Firefighters conducted a low intensity tactical burn to consume fuels and protect the school from the Klamath River, fire officials said.

The nearby Smokey Fire remained at 34 acres with 75 percent containment as of Monday. Crews are working on cleanup operations within 150 feet of the perimeter of containment lines, fire officials said.

Several evacuation orders remain in effect. For updates see, or

West of the McKinney Fire, the Yeti and Alex Fires were at 7,885 acres Monday morning at 50 percent containment.

Lines remained on the fires, although residents will likely continue to see isolated pockets of burning material and smoke as interior areas of the fire burn over the next few weeks, fire officials said.

For evacuation updates, see

In southern Oregon, north of Crater Lake National Park, the Windigo Fire was 1,053 acres with 25 percent containment. The fire is the largest of a series of fires in the area.

Lines on the Windigo Fire remained strong Sunday despite warm temperatures and shifting winds. But a red flag warning for lightning and strong winds is in effect until Tuesday evening, testing fire lines again, fire officials said.

“Windigo Fire crews were able to put hose lines around the entire western half and are more than 60 percent around the east side. Today, cleanup will continue around the entire perimeter,” firefighters said Monday.

Nearby, the Potter fire was 234 acres, with firefighters working to develop and reinforce primary and contingency lines, fire officials said.

The Big Swamp Fire was measured at 102 acres after an overnight infrared flight, fire officials said Monday.

Crews battled spot fires Sunday while bulldozers upgraded the lines. Firefighters planned to continue reinforcing lines and adding hoses Monday, while looking at opportunities for a more direct attack on the east flank via Forest Road 2153, fire officials said.

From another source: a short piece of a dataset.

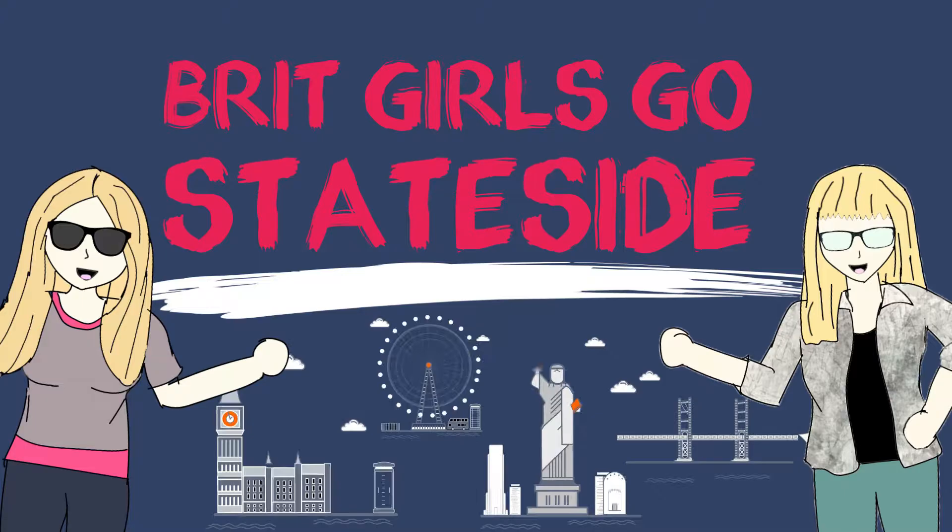Unexpected guests coming to dinner — what shall I prepare? What do Americans like? What about baked beans? Sure, that'll do it. We have three brands of American style baked beans that we're going to try today.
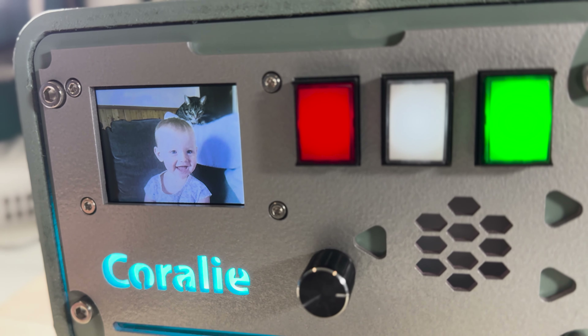Three momentary switches that are extremely easy to use — you barely need to touch them. A rotary encoder for volume control, an MP3 module to play sound, an SD card to store animations and images, and a 320 by 240 color screen.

Temperatures are expected to reach 80 degrees, with wind gusts up to 15 mph. The fires have the potential to be detected up to half a mile away, with an 80-85 percent chance of igniting if sparks or embers land on dry fuels, fire officials said.

Resources on the fires included 674 people, 33 engines, heavy equipment, eight Type 1 helicopters and one Type 3 helicopter. Two water jets were available out of Eugene, fire officials said.

Air quality was moderate Monday morning in Medford, Ashland, Talent and Grants Pass. Shady Cove was in the good category, according to the Oregon Department of Environmental Quality.